Brown was hired by the Astros on Thursday, replacing James Click, who was not given a new contract and parted ways with the Astros just days after they won the World Series.

Brown spent the last four seasons as the vice president of scouting for the Atlanta Braves.

“He is very analytic savvy,” Astros’ owner Jim Crane said. “He’s a great talent evaluator based upon what we’ve seen at the Braves, seasoned at player acquisitions, seasoned at player development and retention. They were often able to extend some of their player contracts… he’s got great people skills, excellent communicator and, last but not least, he’s a baseball player and knows baseball in and out and we were very impressed with that.”

The 55-year-old Brown becomes the only Black general manager in the majors and joins manager Dusty Baker to form just the second pairing of a Black manager and general manager in MLB history. The first was general manager Ken Williams and manager Jerry Manuel with the White Sox.

Brown said he interviewed for GM jobs with the Mets and Mariners in the past and that MLB commissioner Rob Manfred told him to stay positive and that his time to be a general manager would come.

“It’s pretty special,” he said. “We understand that there are a lot of qualified African Americans in the game that know baseball and that could be a big part of an organization and leading organization in baseball operations. So at the end of the day, I think it’s good for our sport to have diversity and I’m really excited for this opportunity.”

Crane was asked about having the league’s only Black general manager.

“Certainly, we are very focused on diversity with the Astros,” he said. “It’s a plus, but the guy’s extremely qualified and he’ll do a great job. It’s nice to see a man like Dana get the job and he earned the job. He’s got the qualifications. He’s ready to go.”

Brown doesn’t have a lot of connections to the Astros, but does have some ties. He played baseball at Seton Hall with Hall of Famer Craig Biggio, who spent his entire career with the Astros and serves as special assistant to the general manager. He played against fellow Hall of Famer and special assistant to the general manager Jeff Bagwell in the Cape Cod league during a short minor league career.

Brown said he spoke to both of them before taking the job and also chatted with Baker, whom he’s know for some time.

“Dusty is old school, he cuts it straight and I like it,” Brown said. “And so that means I can cut it straight with him.”

Brown worked for the Blue Jays from 2010-18 as a special assistant to the general manager. From 2001-09 he worked as director of scouting for the Nationals/Expos. He began his career with the Pittsburgh Pirates, where he spent eight years as their area scouting supervisor and East coast cross checker.

Click had served as Houston’s general manager since joining the team before the 2020 season from the Tampa Bay Rays.

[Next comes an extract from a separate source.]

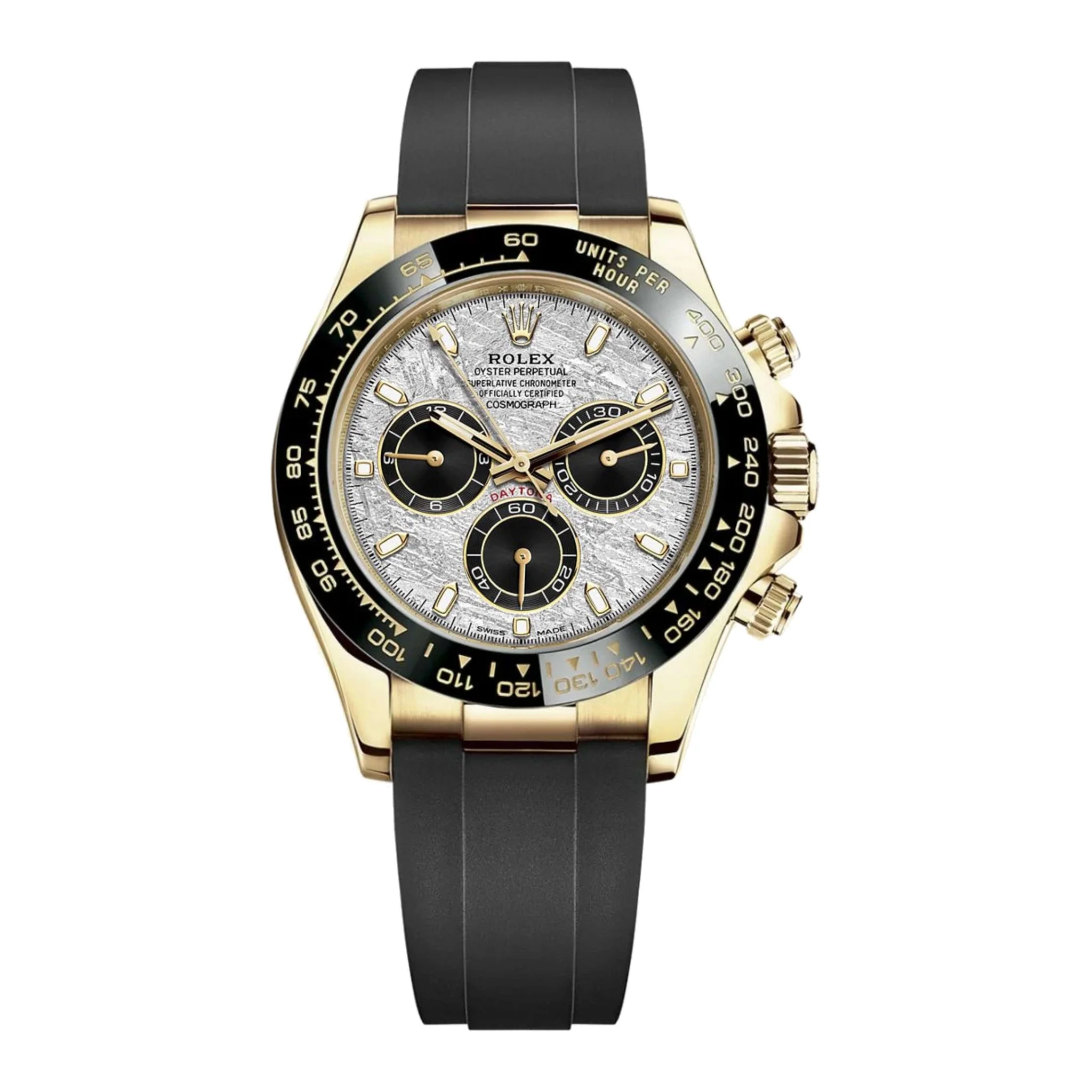 Rolex Daytona Ceramic Cosmograph Daytona 40 Watch Meteorite Black Index Dial Oysterflex Everose Gold/White Gold/ Yellow Gold Ref #116519-0038 /Ref #116518LN-0076 / Ref #116519-0055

Brown, who has been part of drafting a number of big-name players like Stephen Strasburg, Ryan Zimmerman and last season’s National League rookie of the year Michael Harris, is ready to show Crane that bringing him to Houston was the right choice.

“Baseball is all I know, it’s my entire life,” he said. “So I want to empty myself into this city, the Astro fans and let Jim Crane know that he made a special pick.”